Please restate each line of the data that follows word for word, skipping any image.

Exercise data —
○ ○ ○ ○ ○ ○ ○

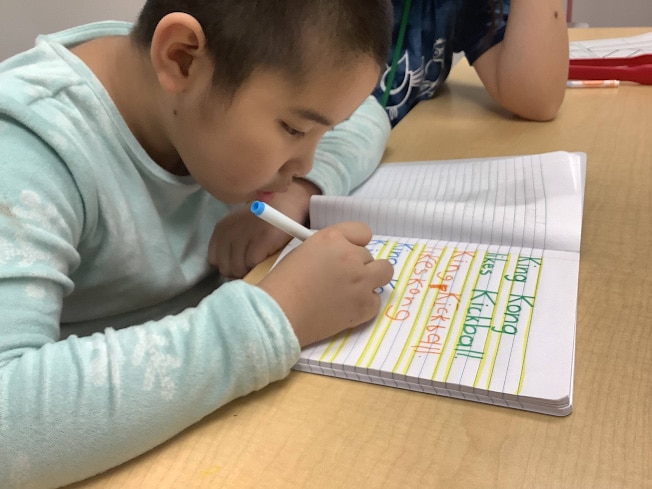 child practicing handwriting at merlin day academy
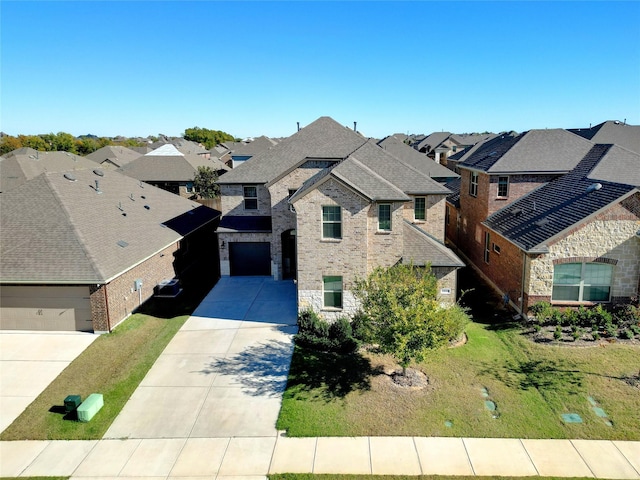 2929 Log Cabin Dr, Celina, TX 75009 - french country style house with driveway, a residential view, brick siding, and stone siding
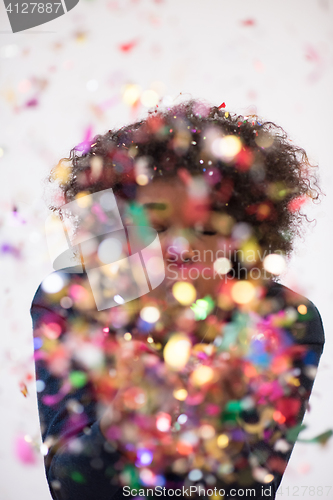 Image of happy young woman celebrating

○ ○ ○ ○ ○ ○ ○

Task answer —
 child practicing handwriting at merlin day academy
 2929 Log Cabin Dr, Celina, TX 75009 - french country style house with driveway, a residential view, brick siding, and stone siding
 Image of happy young woman celebrating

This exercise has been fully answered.